You can find the full transcript below. Be sure to follow us on Twitter so that you stay up to date on the upcoming SANchats and tweet us if you have any follow up questions/comments! Join us in April as we talk about end to end technology solutions!

dell_storage We’ll be hosting a #SANchat all about Big Data today at 9am CST! Be sure to join us for the discussion: http://t.co/E8pW01OX
gminks RT @dell_storage: We’ll be hosting a #SANchat all about Big Data today at 9am CST! Be sure to join us for the discussion: http://t.co/E8pW01OX
AlisonatDell get ready to hear from our big data experts, @bigpapabigdata, @loganmcleod, @barton808, and @gminks! 8 minutes!! #SANchat
dell_storage RT @AlisonatDell: get ready to hear from our big data experts,
@bigpapabigdata, @loganmcleod, @barton808, and @gminks! 8 minutes!! #SANchat
Meesh_Says RT @dell_storage: We’ll be hosting a #SANchat all about Big Data
today at 9am CST! Be sure to join us for the discussion: http://t.co/E8pW01OX
barton808 All logged in and ready to go! 🙂 #SANchat
loganmcleod tap tap tap This thing on?  Yay Bigdata! #SANchat
barton808 Is it ok if i talk about DAS given this is #SANchat? 🙂 #SANchat
BigPapaBigData Yes, DAS is a big help particularly behind Hadoop #SANchat
gminks hey I’m here too! Y’all ready to talk abt Big Data? #sanchat
barton808 Join me for a #SANchat TweetChat at: http://t.co/RFbYBWZo #SANchat
shelisrael #SANChat for big data junkies is about to start with Dell’s @BartonGeorge.

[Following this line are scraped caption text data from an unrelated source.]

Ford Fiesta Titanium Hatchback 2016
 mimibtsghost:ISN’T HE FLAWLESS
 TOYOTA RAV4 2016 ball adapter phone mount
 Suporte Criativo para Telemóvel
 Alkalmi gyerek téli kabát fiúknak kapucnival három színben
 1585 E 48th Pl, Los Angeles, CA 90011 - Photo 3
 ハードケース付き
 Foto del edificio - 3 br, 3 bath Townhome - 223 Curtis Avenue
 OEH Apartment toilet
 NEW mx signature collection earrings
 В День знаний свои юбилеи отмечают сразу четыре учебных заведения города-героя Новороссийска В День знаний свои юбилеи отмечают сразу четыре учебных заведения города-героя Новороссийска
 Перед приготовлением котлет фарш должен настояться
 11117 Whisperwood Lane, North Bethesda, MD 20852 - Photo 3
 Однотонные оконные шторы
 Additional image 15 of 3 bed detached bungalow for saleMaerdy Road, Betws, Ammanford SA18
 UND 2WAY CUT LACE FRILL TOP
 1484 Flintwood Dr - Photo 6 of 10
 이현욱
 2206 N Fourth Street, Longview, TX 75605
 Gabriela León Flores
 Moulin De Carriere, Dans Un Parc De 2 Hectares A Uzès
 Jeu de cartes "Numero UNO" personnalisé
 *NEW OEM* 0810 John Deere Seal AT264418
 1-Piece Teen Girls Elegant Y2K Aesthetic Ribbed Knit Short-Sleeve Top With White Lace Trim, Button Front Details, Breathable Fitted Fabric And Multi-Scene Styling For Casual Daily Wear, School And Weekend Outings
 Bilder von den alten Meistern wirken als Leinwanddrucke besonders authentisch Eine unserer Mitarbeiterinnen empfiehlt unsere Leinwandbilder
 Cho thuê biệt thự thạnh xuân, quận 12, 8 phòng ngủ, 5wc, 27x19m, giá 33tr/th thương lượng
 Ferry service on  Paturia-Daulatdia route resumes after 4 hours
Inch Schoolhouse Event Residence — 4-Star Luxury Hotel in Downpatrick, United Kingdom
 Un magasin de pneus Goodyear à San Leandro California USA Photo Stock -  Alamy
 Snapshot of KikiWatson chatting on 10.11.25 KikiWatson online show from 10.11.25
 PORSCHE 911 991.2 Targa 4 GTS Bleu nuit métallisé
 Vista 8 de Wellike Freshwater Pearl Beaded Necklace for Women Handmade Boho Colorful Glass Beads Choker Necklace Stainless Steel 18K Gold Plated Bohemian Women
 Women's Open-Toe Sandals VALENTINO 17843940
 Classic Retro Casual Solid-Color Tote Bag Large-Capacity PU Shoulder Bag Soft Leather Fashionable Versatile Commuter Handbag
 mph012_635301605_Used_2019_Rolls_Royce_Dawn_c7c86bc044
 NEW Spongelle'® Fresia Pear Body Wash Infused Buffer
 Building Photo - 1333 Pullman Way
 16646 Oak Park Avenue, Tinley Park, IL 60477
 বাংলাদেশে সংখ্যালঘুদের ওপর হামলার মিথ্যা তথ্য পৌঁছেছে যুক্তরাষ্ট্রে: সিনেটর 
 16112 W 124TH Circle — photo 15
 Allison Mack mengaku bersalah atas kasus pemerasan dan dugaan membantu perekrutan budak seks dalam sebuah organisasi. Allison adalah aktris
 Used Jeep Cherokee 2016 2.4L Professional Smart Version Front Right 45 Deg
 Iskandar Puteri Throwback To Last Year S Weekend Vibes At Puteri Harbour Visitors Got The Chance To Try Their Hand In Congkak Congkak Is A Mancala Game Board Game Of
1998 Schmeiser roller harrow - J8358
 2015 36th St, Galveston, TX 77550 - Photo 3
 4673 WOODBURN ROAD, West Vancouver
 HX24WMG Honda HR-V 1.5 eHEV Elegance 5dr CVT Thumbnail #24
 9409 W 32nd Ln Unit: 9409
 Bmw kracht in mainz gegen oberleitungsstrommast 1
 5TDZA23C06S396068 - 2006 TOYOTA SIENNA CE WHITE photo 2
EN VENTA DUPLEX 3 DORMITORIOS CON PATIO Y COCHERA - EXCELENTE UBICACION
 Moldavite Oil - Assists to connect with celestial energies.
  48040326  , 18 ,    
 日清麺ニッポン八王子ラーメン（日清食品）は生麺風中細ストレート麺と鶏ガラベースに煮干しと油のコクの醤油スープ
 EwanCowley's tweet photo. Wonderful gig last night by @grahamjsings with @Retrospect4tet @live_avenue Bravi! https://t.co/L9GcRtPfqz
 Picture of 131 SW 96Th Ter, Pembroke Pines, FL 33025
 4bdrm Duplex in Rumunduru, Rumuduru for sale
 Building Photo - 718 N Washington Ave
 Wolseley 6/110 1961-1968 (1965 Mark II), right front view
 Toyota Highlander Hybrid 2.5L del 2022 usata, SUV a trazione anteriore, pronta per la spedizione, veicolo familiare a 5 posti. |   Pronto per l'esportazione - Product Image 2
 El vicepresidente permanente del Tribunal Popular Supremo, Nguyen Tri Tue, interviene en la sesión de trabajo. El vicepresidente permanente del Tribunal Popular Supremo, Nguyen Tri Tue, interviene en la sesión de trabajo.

gminks Join me for a #sanchat TweetChat at: http://t.co/YDKpl6F8 > use http://t.co/YDKpl6F8 to join the convo! #sanchat
stu @barton808 @gminks interested to hear Dell’s network view on #bigdata – it’s not SAN but OK for #SANChat < I wrote http://t.co/zdCcaX5j
BigPapaBigData Join me for a #SANchat TweetChat at: http://t.co/DGe9SPnV on #bigdata #SANchat
gminks this chat is for anyone who is interested the topic of #bigdata #sanchat
gminks hey guys could you introduce yourself? #sanchat
iSCSIKing RT @gminks: Join me for a #sanchat TweetChat at: http://t.co/YDKpl6F8 > use http://t.co/YDKpl6F8 to join the convo! #sanchat
barton808 Howdy, im the dir of mktng for Dell’s Web|tech vertical.  I focus on companies that use the internet as their platfrom #SANchat
loganmcleod @stu Reading the article real quick.  #SANchat
gminks hey @stu & @shelisrael ! #sanchat
gminks RT @stu: @barton808 @gminks interested to hear Dell’s network view on #bigdata – it’s not SAN but OK for #SANChat < I wrote http://t.co/zdCcaX5j
AlisonatDell i’m alison and i work in storage social media!! excited to learn more about #bigdata! #SANchat
BigDataClub RT @BigPapaBigData: Join me for a #SANchat TweetChat at: http://t.co/NYP50G3R on #bigdata #SANchat
loganmcleod Hi SANchatter’s..  Logan McLeod… I work in our CTO office and help plot our cloud technology strategy
& new tech R&D. #SANchat
stu #SANchat hi I’m an analyst w @Wikibon – watching the intersection of #bigdata and infrastructure
barton808 This might be helpful, its part of a glossary we put together.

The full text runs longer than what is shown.